GIVEN RECORDS: Begin

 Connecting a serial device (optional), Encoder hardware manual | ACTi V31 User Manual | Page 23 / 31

GIVEN RECORDS: End
GIVEN RECORDS: Begin

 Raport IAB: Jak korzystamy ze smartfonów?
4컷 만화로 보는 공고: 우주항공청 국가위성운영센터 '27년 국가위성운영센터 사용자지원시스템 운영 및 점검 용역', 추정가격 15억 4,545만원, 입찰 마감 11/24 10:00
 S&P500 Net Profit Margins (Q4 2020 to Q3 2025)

GIVEN RECORDS: End
GIVEN RECORDS: Begin

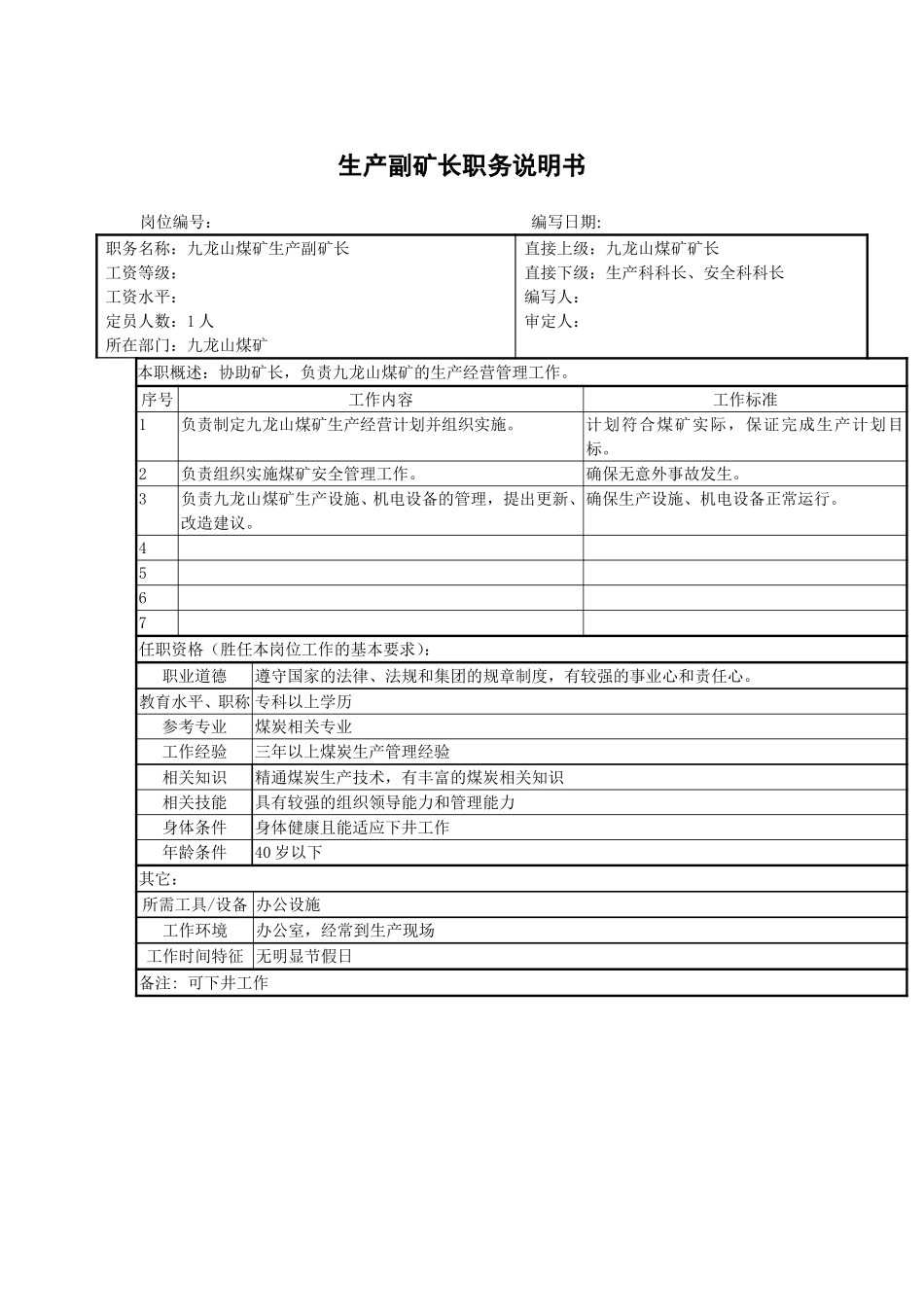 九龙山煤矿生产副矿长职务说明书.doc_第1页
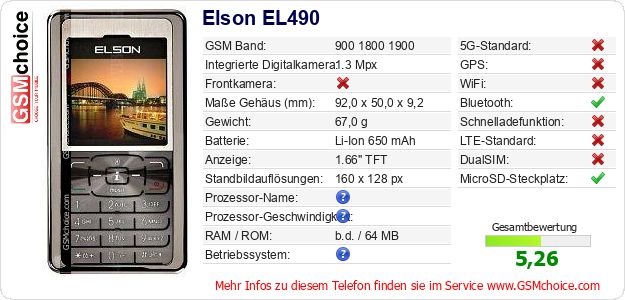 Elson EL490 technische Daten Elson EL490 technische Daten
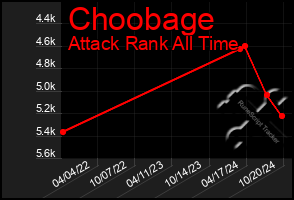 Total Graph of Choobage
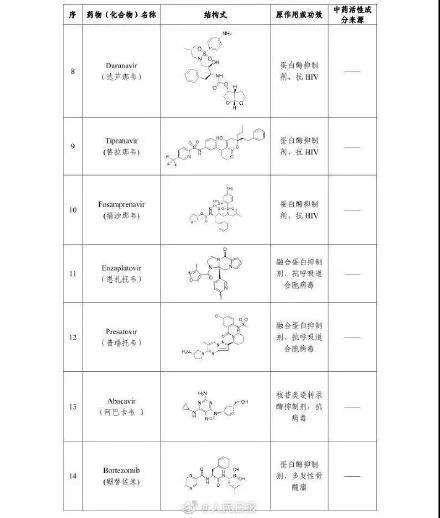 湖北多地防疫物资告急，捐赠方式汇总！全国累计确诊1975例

GIVEN RECORDS: End

» TRY IT
Those lines of the records above that run from the one containing "九龙山煤矿生产副矿长职务说明书.doc_第1页" through the one containing "湖北多地防疫物资告急，捐赠方式汇总！全国累计确诊1975例" should be returned exactly, with no pictures among them.

» TASK ANSWER
 九龙山煤矿生产副矿长职务说明书.doc_第1页
 Elson EL490 technische Daten Elson EL490 technische Daten
 Total Graph of Choobage
 湖北多地防疫物资告急，捐赠方式汇总！全国累计确诊1975例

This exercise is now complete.